Retype each entry exactly as written, and keep the pictures out of the copy.

(Stored items from a collection)
=== Section Start ===
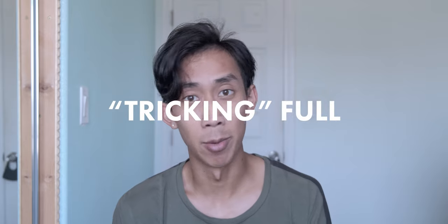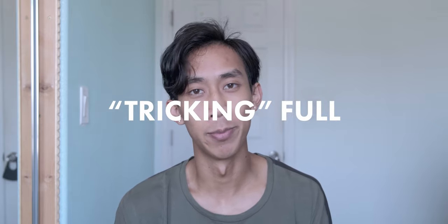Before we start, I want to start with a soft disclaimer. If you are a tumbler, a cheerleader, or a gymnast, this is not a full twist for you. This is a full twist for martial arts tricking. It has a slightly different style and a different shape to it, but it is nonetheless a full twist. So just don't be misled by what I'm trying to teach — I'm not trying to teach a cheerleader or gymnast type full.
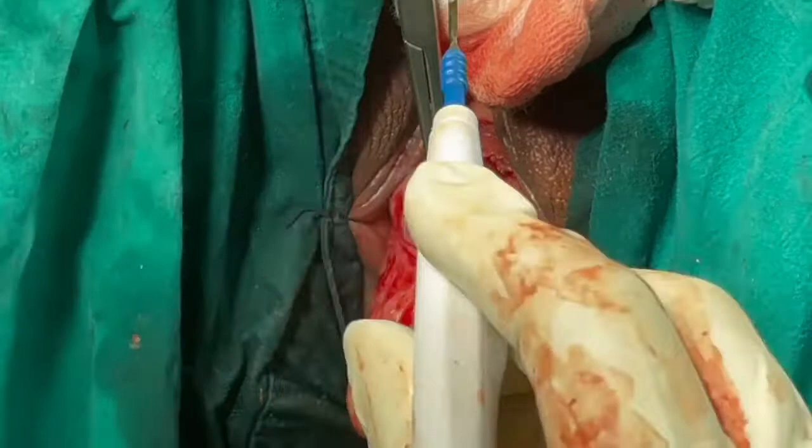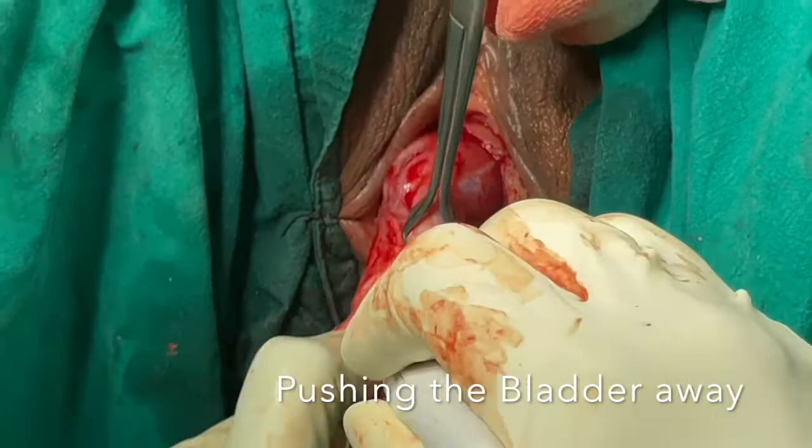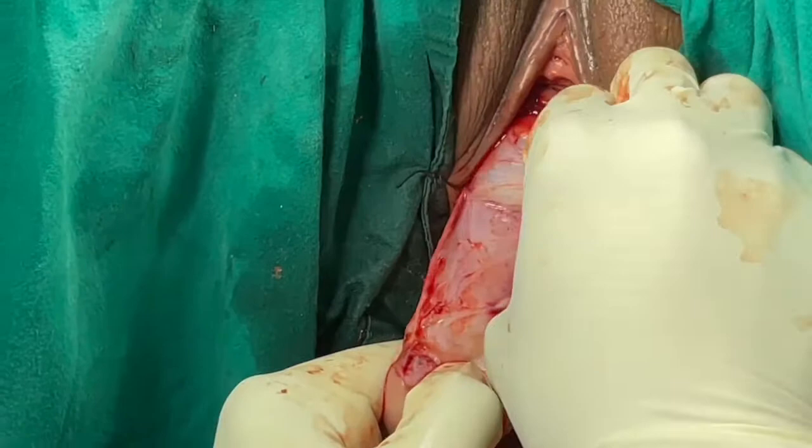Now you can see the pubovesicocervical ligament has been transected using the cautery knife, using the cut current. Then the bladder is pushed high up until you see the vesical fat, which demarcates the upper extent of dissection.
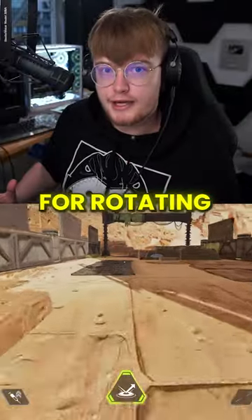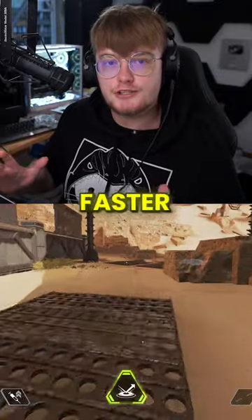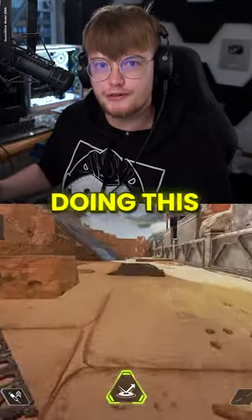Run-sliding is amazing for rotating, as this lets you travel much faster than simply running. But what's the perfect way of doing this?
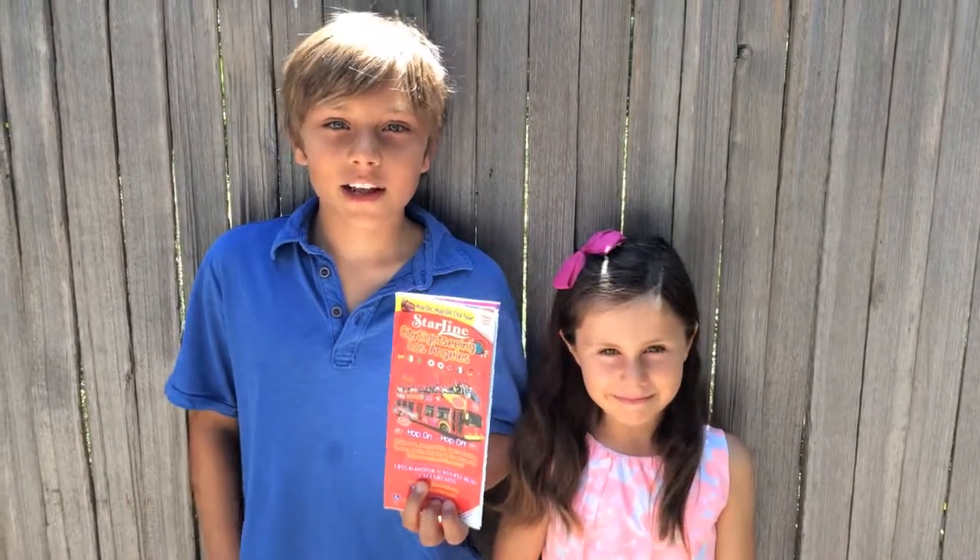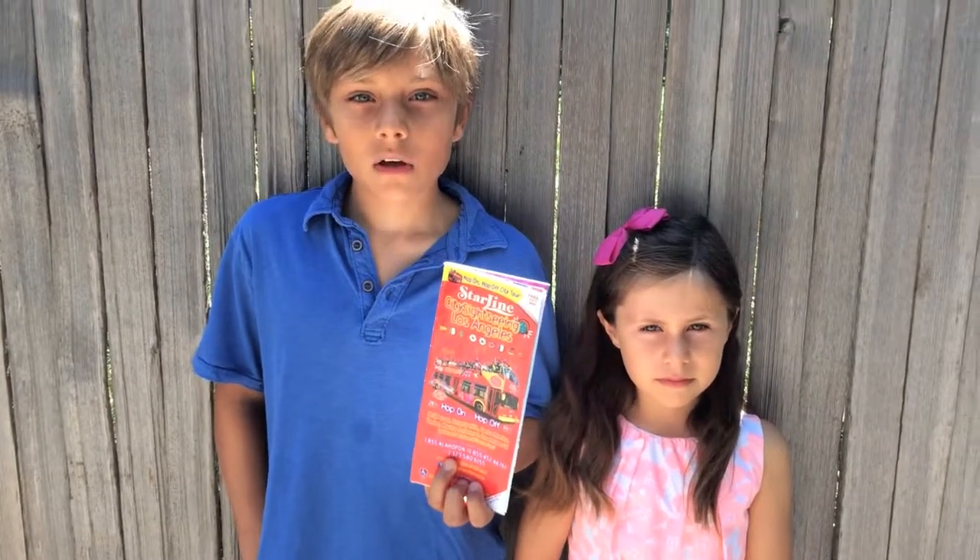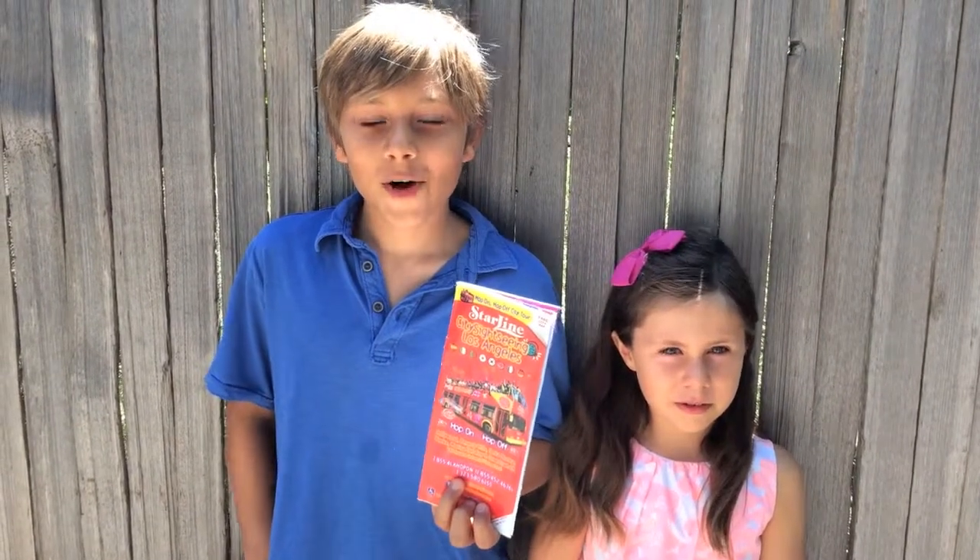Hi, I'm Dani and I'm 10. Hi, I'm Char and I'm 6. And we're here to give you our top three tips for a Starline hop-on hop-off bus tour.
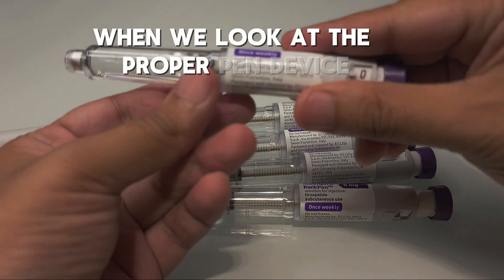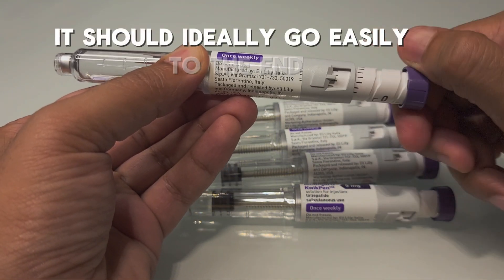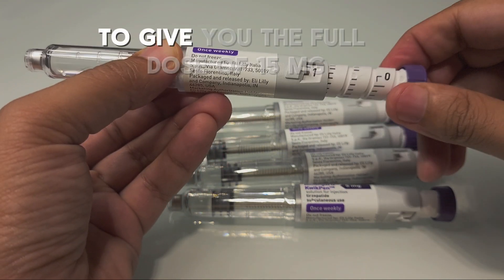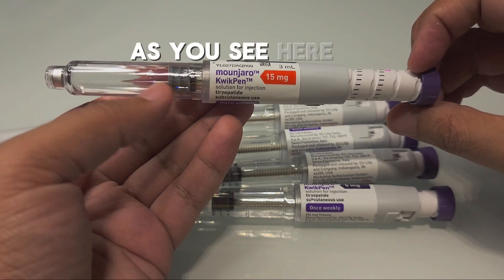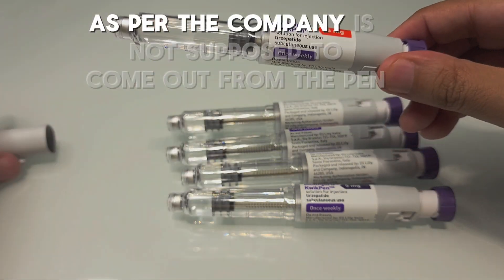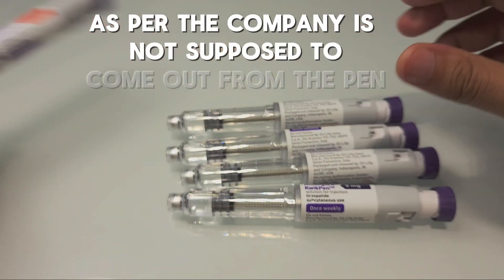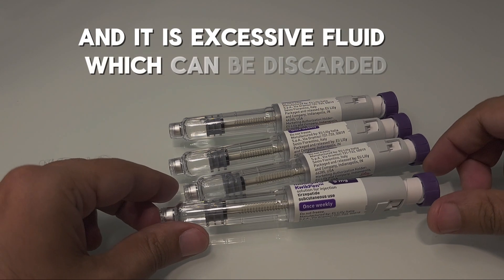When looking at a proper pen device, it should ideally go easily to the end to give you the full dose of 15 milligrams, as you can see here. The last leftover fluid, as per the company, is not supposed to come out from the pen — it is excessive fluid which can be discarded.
=== Section End ===
__Solution to this problem__.
Before we start, I want to start with a soft disclaimer. If you are a tumbler, a cheerleader, or a gymnast, this is not a full twist for you. This is a full twist for martial arts tricking. It has a slightly different style and a different shape to it, but it is nonetheless a full twist. So just don't be misled by what I'm trying to teach — I'm not trying to teach a cheerleader or gymnast type full.
Now you can see the pubovesicocervical ligament has been transected using the cautery knife, using the cut current. Then the bladder is pushed high up until you see the vesical fat, which demarcates the upper extent of dissection.
Run-sliding is amazing for rotating, as this lets you travel much faster than simply running. But what's the perfect way of doing this?
Hi, I'm Dani and I'm 10. Hi, I'm Char and I'm 6. And we're here to give you our top three tips for a Starline hop-on hop-off bus tour.
When looking at a proper pen device, it should ideally go easily to the end to give you the full dose of 15 milligrams, as you can see here. The last leftover fluid, as per the company, is not supposed to come out from the pen — it is excessive fluid which can be discarded.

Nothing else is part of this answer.